The Franciscans had long established a presence in Egypt, but Catholic pastoral activity commenced in earnest with the foundation of a Capuchin mission in Cairo in 1630. With the support of the Coptic Orthodox patriarch, Capuchin friars preached in Coptic parishes and monasteries. In 1675, priests of the Society of Jesus established a house in Cairo and initiated theological exchanges with Coptic scholars. These exchanges ended the church’s isolation and encouraged warmer relations with Catholics.

An 18th-century Coptic bishop of Jerusalem, Amba Athanasius, pledged fidelity to the bishop of Rome and abjured the “heresies” of the Coptic Orthodox Church. Accordingly, in 1741, Pope Benedict XIV appointed him apostolic vicar for those few Copts who had entered the Catholic Church. A line of apostolic vicars succeeded Athanasius — who eventually returned to the Coptic Orthodox Church — but the community remained small and poor.
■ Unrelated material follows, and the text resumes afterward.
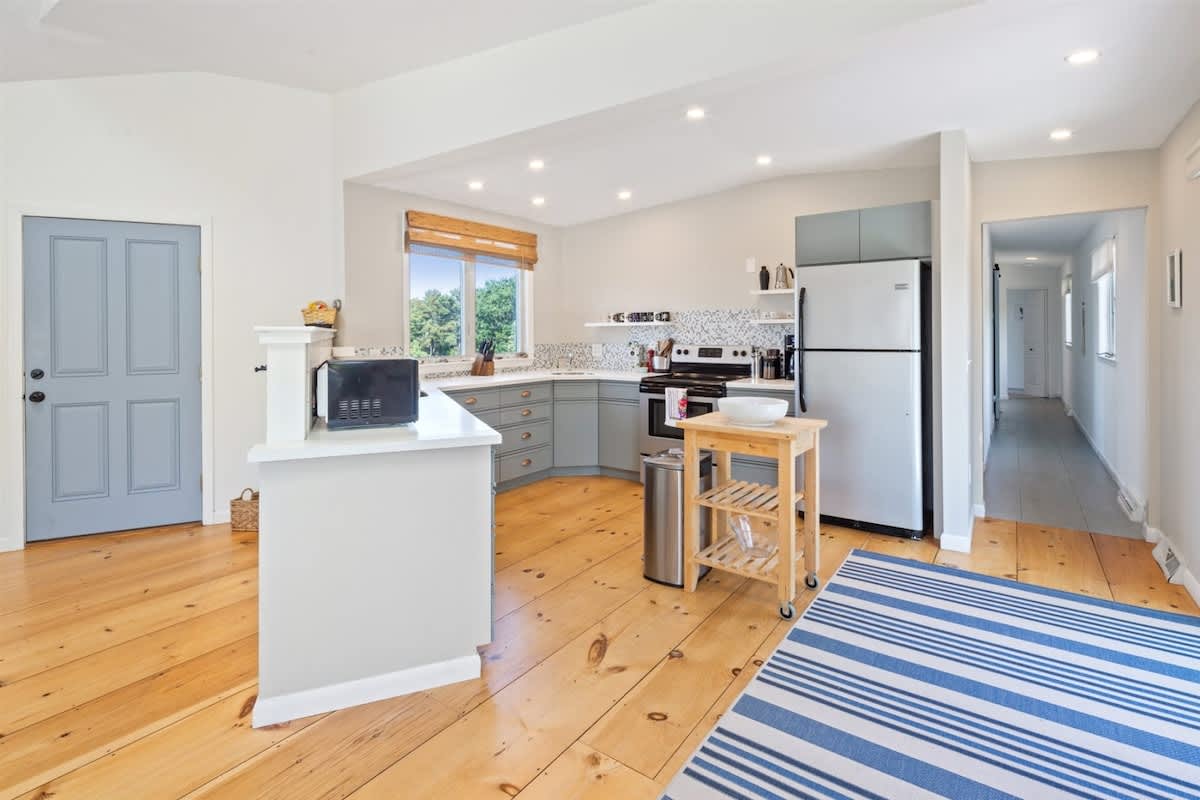 Beautiful Home a Short Walk to Private Bayside Beach in North Truro 7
Most Catholic Copts were fellahin, illiterate peasants who tilled the soil along the Nile River in Upper Egypt. A minority included families of peasant origin in Cairo’s Faggalah quarter. All worshiped in modest Latin churches lent by the Franciscans.

A hierarchy is constituted. The Holy See erected a Coptic Catholic patriarchate in 1829, but it remained inoperative; a Coptic Catholic aide to Muhammad Ali, the “father of modern Egypt,” led the Holy See to believe Ali wished for its creation.
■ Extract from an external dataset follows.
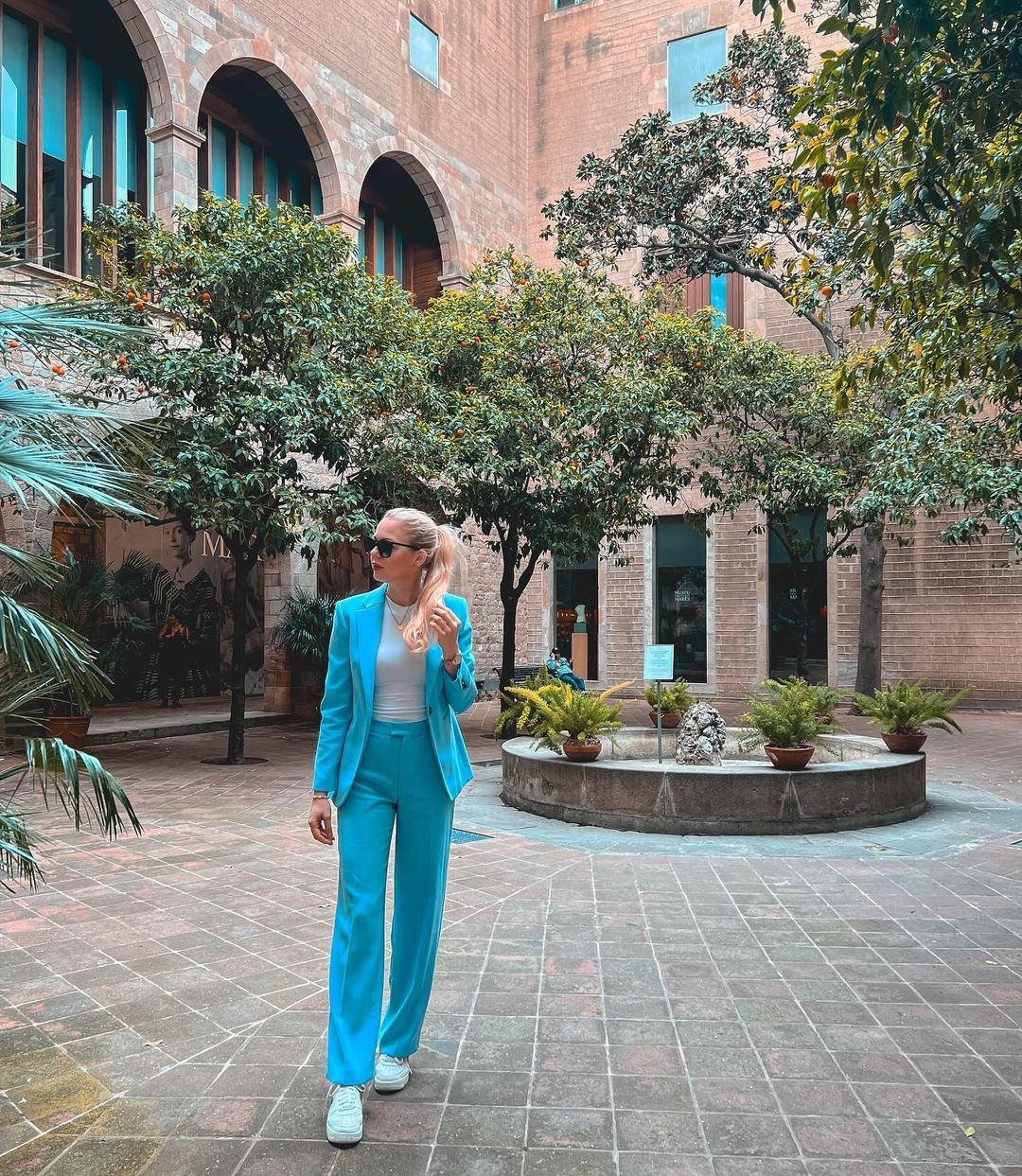 Cấm Airbnb ảnh 3 Cam Airbnb anh 3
Five years later, Ali permitted Coptic Catholics to build their own churches, but the community lacked the financial and personnel resources to undertake any projects. Consequently, they languished.
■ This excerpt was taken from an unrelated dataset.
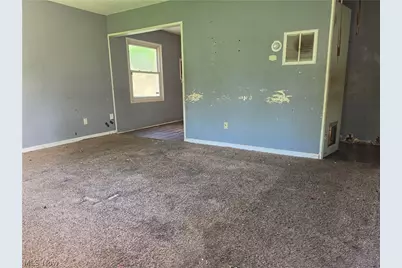 19418 Meadowlark Lane, Warrensville Heights, OH 44128 - Photo 3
In 1893, the Franciscans gave the Catholic Copts 10 churches for their exclusive use. Pope Leo XIII grouped these churches into three eparchies, appointing a bishop, Amba Cyril Makarios, as administrator.

Leo XIII reestablished the patriarchate and in 1899 appointed Amba Cyril as patriarch, who assumed the name and title “Cyril II of Alexandria of the Copts.”

Before his patriarchal appointment, Amba Cyril had presided over a Coptic Catholic synod, which introduced a number of Latin practices, including an abbreviated Divine Liturgy, akin to the Tridentine low Mass, and devotions such as Benediction of the Blessed Sacrament and Stations of the Cross.

These Latinizations sparked controversy among the tiny community, which then numbered some 5,000 people (as opposed to the Coptic Orthodox, who included more than a million people). In 1908, the Holy See asked the patriarch to resign and the Coptic Catholic patriarchal office remained vacant until the appointment of Amba Marcos Khuzam as patriarch in 1947.

Modern church. The Coptic Catholic Church grew considerably after Vatican II, ironically at the expense of the Coptic Orthodox Church.

Much of this growth may be attributed to the Catholic (Copt and Latin) administration of schools (more than 100 parishes sponsor primary and secondary schools), orphanages, clinics and medical dispensaries in some of the poorest and remotest villages of the Nile Valley, which remains the center of Coptic Catholic life.

Vatican II’s call for the Eastern Catholic churches to restore their faith and traditions, reinforced by Pope John Paul II in his 1995 apostolic letter, “Orientale Lumen,” has made some impact on the Coptic Catholic Church. Some of the Latinizations of 1898 have been reversed: Icon screens have been restored, the Divine Liturgy has been renewed and the administration of sacraments according to Coptic rites has been revived. But there are no Coptic Catholic monasteries as found in the Coptic Orthodox monastic tradition, which is largely responsible for the Coptic Orthodox renaissance. There are, however, four Coptic Catholic religious communities modeled on Latin Catholic orders.

While the number of Coptic Orthodox entering the Coptic Catholic Church has declined, ecumenical relations between the two are frosty. But as Egypt’s Islamic radicals step up their attacks on all Copts — forcing many to emigrate — their commonalities may banish what has divided them.

Michael La Civita is the executive editor of ONE magazine.